As long as investigating Fireface 400 with Windows driver and comparing
the result to FFADO implementation, I can see these firmwares have
different register assignments. On the other hand, according to manuals
of each models, features relevant to packet streaming seem to be common,
because GUIs for these models have the same options. It's reasonable to
assume an abstraction layer of protocols to communicate to each models.
This commit adds the abstraction layer for the protocols. This layer
includes some functions to operate common features of models in this
series.
In IEC 61883-1/6, the sequence of packet can transfer timing information
to synchronize receivers to transmitters. Units of each node on IEEE 1394
bus can generate transmitter's timing clock by handling value of SYT field
in CIP header with high-precision clock. For audio and music units on
IEEE 1394 bus, this recovered clock is designed to used for sampling clock
to capture/generate PCM frames on DSP/ADC/DAC. (Actually, in this world,
there's no units to implement this specification as is, as long as I
know).
Fireface series doesn't use this mechanism. Besides, It doesn't use
isochronous packet with CIP header. It uses internal crystal unit as its
initial sampling clock. When detecting input signals which can be
available for sampling clock (e.g. ADAT input), drivers can configure
units to use the signals as source of sampling clock. When something goes
wrong, e.g. frequency mismatching between the signal and configured value,
units fallback to the other detected signals alternatively. When detecting
no alternatives, internal crystal unit is used as source of sampling
clock. On manual of Fireface 400, this mechanism is described as
'Autosync'.
On the units, packet streaming is controlled by write transactions to
certain registers. Format of the packet, e.g. the number of data channels
in a data block, is also configured by the same manner. For this purpose,
.begin_session and .finish_session is added.
The remarkable point of this protocol is to allow drivers to configure
arbitrary sampling transmission frequency; e.g. 12.345 Hz. As long as I
know, there's no actual DAC/ADC chips which support this kind of
capability. I think a pair of packet streaming layer and data block
processing layer is isolated from sampling data processing layer in a
point of governed clock. In short, between these parts, resampling layer
exists.
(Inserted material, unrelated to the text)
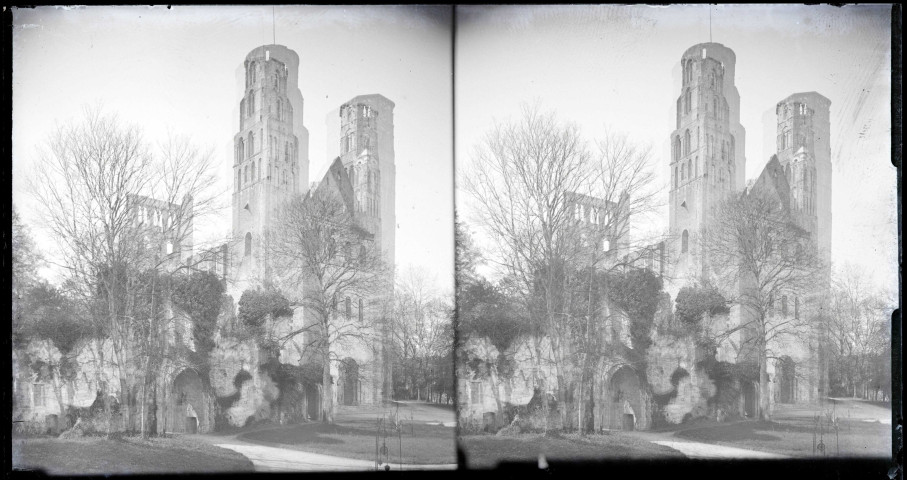 Tour et pignons des ruines et vestiges de l'abbaye de Jumièges (Seine-Maritime).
Actually, for Fireface 400, write transactions to
0x'0000'8010'051c has an effect to change sampling clock frequency with
base frequencies (32.0/44.1/48.0 kHz) and its multipliers (x2/x4),
regardless of sampling transmission frequency.
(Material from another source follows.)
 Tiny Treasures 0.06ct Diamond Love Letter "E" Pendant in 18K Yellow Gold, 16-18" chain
For this reason, the abstraction layer doesn't handle parameters for
sampling clock. Instead, each implementation of .begin_session is
expected to configure sampling transmission frequency.
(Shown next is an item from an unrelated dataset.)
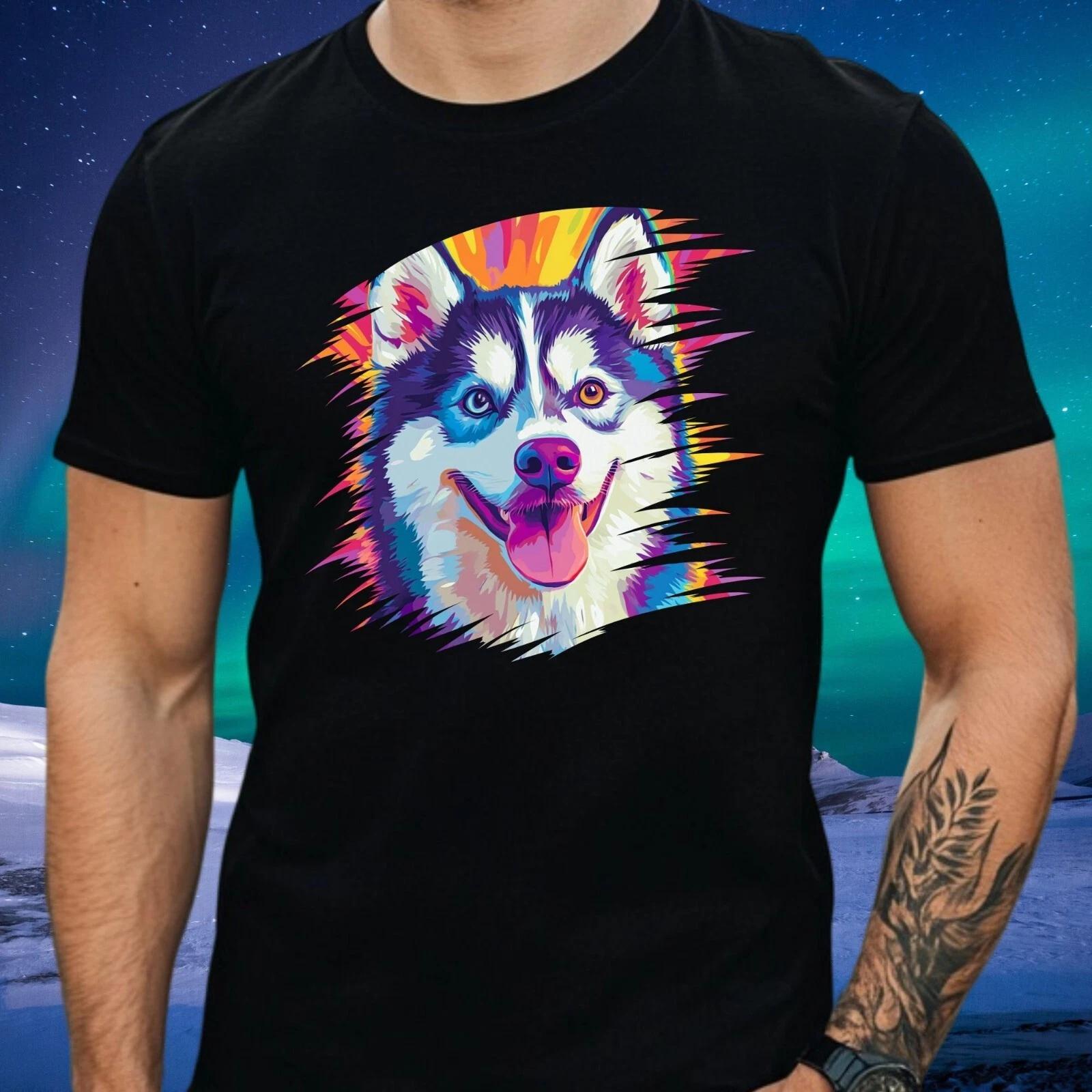 T-Shirt Herren Pomsky Hund Pop Art Motiv Baumwolle Größe S bis 5XL XXXL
For packet streaming layer, it's enough to get current selection of
source signals for the sampling clock and its frequency. In the
abstraction layer, when internal crystal is selected, drivers can sets
arbitrary sampling frequency, else they should follow configured
frequency. For this purpose, .get_clock is added.
Drivers are allows to bank up data fetching from a pair of packet
streaming/data block processing layer and sampling data processing layer.
This feature seems to suppress noises at starting/stopping packet
streaming. For this purpose, .switch_fetching_mode is added.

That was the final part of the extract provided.